The Socialists united with the Progressives to put forth a unified ticket with governor of New York Mario Cuomo and Missouri representative Dick Gephardt (who would go on to be Progressive Al Gore's running mate in 1992). Initially thought to be dead-in-the-water against Kemp, Cuomo was able to battle back into the running, even taking the lead in the poles occasionally. Cuomo didn't share Kemp's same hardline attitude toward the new breakaway republics. Actually, Cuomo's position on the RNE and ROP was to the contrary of Kemp's, as he supported full acknowledgment of the new nations.
The Moderates only had ballot access in a few states, for the first time in their history. Considering that the biggest issue entering the election of 1988 were the Secessions of 1986, and that it was rather impossible to be "moderate" on that issues (you were either pro-secession or anti-secession), the only candidates who came forward were obscure ones.
Bold denotes the party's nominee.
The Progressives again pledged to endorse the Socialist nominees. The Vice Presidential nominee, Dick Gephardt, would switch from the Socialist Party to the Progressive Party in 1989.
Governor Mario Cuomo, New York
Representative Dick Gephardt, Missouri
Reverend Jesse Jackson, South Carolina
Senator Lloyd Bentsen, Texas
Senator Gary Hart, Colorado
Senator Paul Simon, Illinois
Former Governor Bruce Babbit, Arizona
The Socialist nomination was hard fought, as Delaware Sen. Joe Biden was initially expected to be the frontrunner, but he soon dropped out for undisclosed reasons, throwing the nomination wide open. Governor Mario Cuomo soon took the lead, but the left-wing African-American Reverend from South Carolina, Jesse Jackson, soon surged back, winning the South Carolina primary and taking states with large black populations. Eventually Jackson faded and allowed Cuomo to get the nomination.

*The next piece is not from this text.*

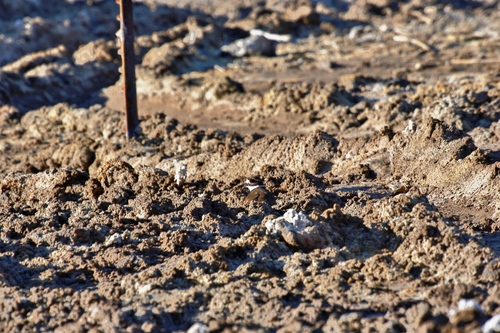 Killdeer photographed in Nevada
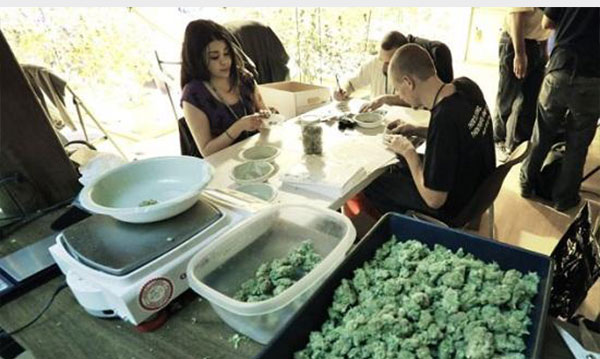 افتتاح أول متجر «قانوني» لبيع «الماريجوانا» في أمريكا!.. صور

There were rumors that Cuomo would rather have had Jackson as his Vice Presidential candidate than Gephardt, but many Socialist Party members with a large amount of pull dissuaded Cuomo away from that, thinking that an Italian-American Catholic and an African-American preacher on the same ticket could be detrimental to the ticket overall. Gephardt was chosen instead of Jackson.

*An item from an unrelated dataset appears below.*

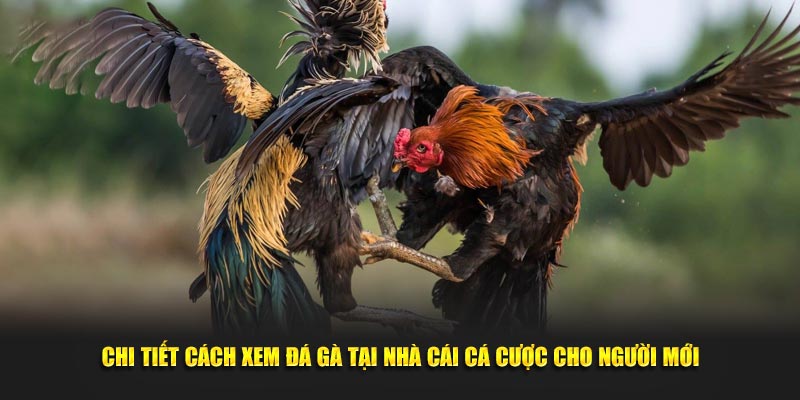 Chi tiết cách xem trực tuyến tại nhà cái cá cược cho người mới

The upstart Conservative Party was founded in response to the Christian Democratic Party, and were previously small and out of the public eye. However, after the mass exodus from the Christian Democratic Party in 1986 and 1987 following the Secessions of 1986, the CDP collapsed and the majority of the members went to the Conservative Party. This was their first primary and first convention.

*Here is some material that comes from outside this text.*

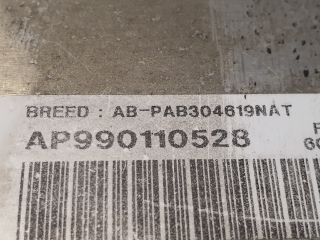 bontott ALFA ROMEO 156 Utasoldali Légzsák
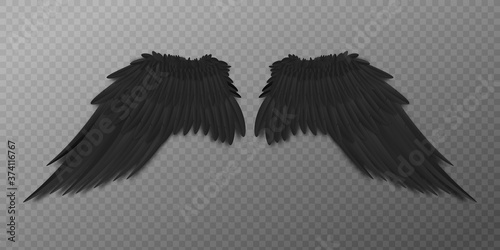 Black bird or dark agel wings with realistic feathers from back view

Representative Jack Kemp, New York
Secretary of State Alexander Haig, Pennsylvania
Former Secretary of Defense Donald Rumsfeld, Illinois
Former Director of the CIA George Bush, Texas
Former Senator Paul Laxalt, Nevada
Ben Fernandez, Nevada
David Duke, Louisiana
The only real candidates in the 1988 Conservative primary were Kemp and Haig, and it was quite clear from the outset that they would win the nomination.
While ballots were sent to New England and the West Coast, the FEC received no results back from the independent states.
In the remaining states, Jack Kemp won small victories over Mario Cuomo, and soon the election was all but decided in his favor.
The election was narrow, and Cuomo actually took the lead a couple of times. Ultimately, however, without New England and the west coast, Cuomo was sunk.
Proposed during the lame-duck session of congress following the election, the "Kerrey Amendment" (proposed by Nebraska Sen. Bob Kerrey) reduced the number of electoral votes needed to win the election by subtracting the electoral votes the seceded states had from 270, resulting in an overall electoral margin of 170 to win.